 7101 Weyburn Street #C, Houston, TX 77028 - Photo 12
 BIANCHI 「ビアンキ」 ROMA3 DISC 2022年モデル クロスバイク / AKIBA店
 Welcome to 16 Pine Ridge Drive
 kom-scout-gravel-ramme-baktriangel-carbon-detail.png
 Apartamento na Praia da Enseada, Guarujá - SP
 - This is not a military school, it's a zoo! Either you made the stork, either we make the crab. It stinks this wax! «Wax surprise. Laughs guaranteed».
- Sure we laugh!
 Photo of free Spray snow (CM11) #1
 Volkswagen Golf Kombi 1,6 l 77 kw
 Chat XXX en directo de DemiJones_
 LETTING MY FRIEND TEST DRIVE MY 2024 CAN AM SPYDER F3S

▶ Your assignment
Which lines of the data contain "Photo"? Copy them all.

▶ Result for this exercise
 7101 Weyburn Street #C, Houston, TX 77028 - Photo 12
 Photo of free Spray snow (CM11) #1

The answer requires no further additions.